Send cash for some swill: http://youllhavetowalk.wordpress.com/virtual-busking-experience/


----------



## bryanpaul (Dec 12, 2011)

y'alls are the shit!


----------



## baconrind (Dec 13, 2011)

Is that a Waffle House uniform?


----------



## Cardboard (Dec 13, 2011)

I dont know if the sliding door was meant as some sort of percussion or what, but for future reference:
1. They all have a little switch at the top somewhere, usually at the far edge (where the door stops sliding), which will turn the motors off.
2. They can also (when open, easiest when they are off) be pushed open like a regular door. it might take a little force, but its not gonna break.


----------



## The Cack (Dec 13, 2011)

baconrind said:


> Is that a Waffle House uniform?


 
Yes it is. We both got shitty jobs (well, I just quit mine...). Come to the one in Watkinsville, GA--she's working there!


----------



## baconrind (Dec 13, 2011)

Waffle House Ninjas! I pretty much spend my summers traveling to Waffle Houses anyway so maybe I will.


----------



## The Cack (Dec 13, 2011)

Cardboard said:


> I dont know if the sliding door was meant as some sort of percussion or what, but for future reference:
> 1. They all have a little switch at the top somewhere, usually at the far edge (where the door stops sliding), which will turn the motors off.
> 2. They can also (when open, easiest when they are off) be pushed open like a regular door. it might take a little force, but its not gonna break.


 

In retrospect the door seems to work as a shitty wah-wah pedal/filter.
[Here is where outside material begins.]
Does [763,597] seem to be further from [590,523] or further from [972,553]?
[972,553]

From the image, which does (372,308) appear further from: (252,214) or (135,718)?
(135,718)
We got booted, but apparently only because we were filming. Something about the advertisers. Other than that, we were allowed to play a bunch of takes (the yogurt section didn't make the cut, nor competing with the Salvation Army ringer...)


----------



## The Cack (Dec 13, 2011)

which gives me idea about leading a marching band or something through Fred Meyer's one of these days...


----------